Debra Green says then-officer Sylshina London lied about a March 2010. A judge agreed. Emily Florez reports.
A Chicago woman was claiming victory Friday after a judge found a police officer guilty of perjury for lying about an alleged attack.
"I feel relieved but I feel so hurt because this right here took a lot out of me mentally, physically, and I didn't see my sister go down into the ground," Debra Green said Friday.
It was March 2010 when she and her father were driving to Mount Hope Cemetery to see her sister laid to rest and she saw a car weaving in and out of the funeral procession.
"I was like, 'This is a funeral. This is a funeral,' and she looked and the next thing I knew she started following the funeral," she recalled.
Minutes later, Green said she was surrounded by police officers with weapons pointed. It turns out that officer Sylshina London -- off duty at the time -- was driving to work and had called for police back up claiming Green had assaulted her during a verbal exchange.
"I overheard her boss and her talking to the lieutenant, and she was like, 'She hit me with a bottle.' I'm like, 'Oh, my goodness. I did not,'" said Green.
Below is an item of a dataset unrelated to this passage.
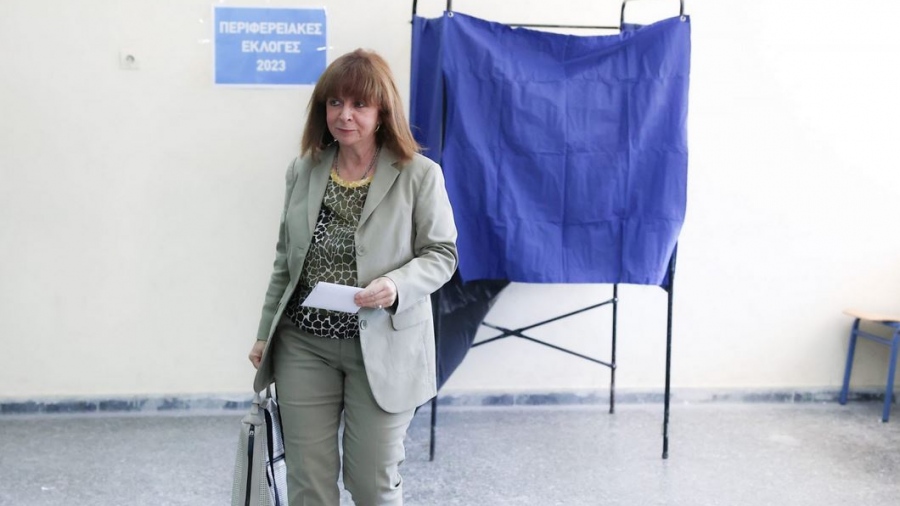 Αυτοδιοικητικές εκλογές: Στο 21ο Γενικό Λύκειο Αθηνών άσκησε το εκλογικό της δικαίωμα η Σακελλαροπούλου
Green was charged and convicted of battery based on London's false accusation. That conviction was overturned roughly eight months later after surveillance video proved the incident never happened as London had described.
Now nearly three years after the incident it's London who finds herself convicted. Green said she's relieved but finds little solace in what she'll never have.
"I was cheated out my sister's burial. It's something I will never, ever get back or forget," she said.
London resigned from the Chicago Police Department in 2011 and remains out on bond. She faces up to five years in prison when she's sentenced on March 3.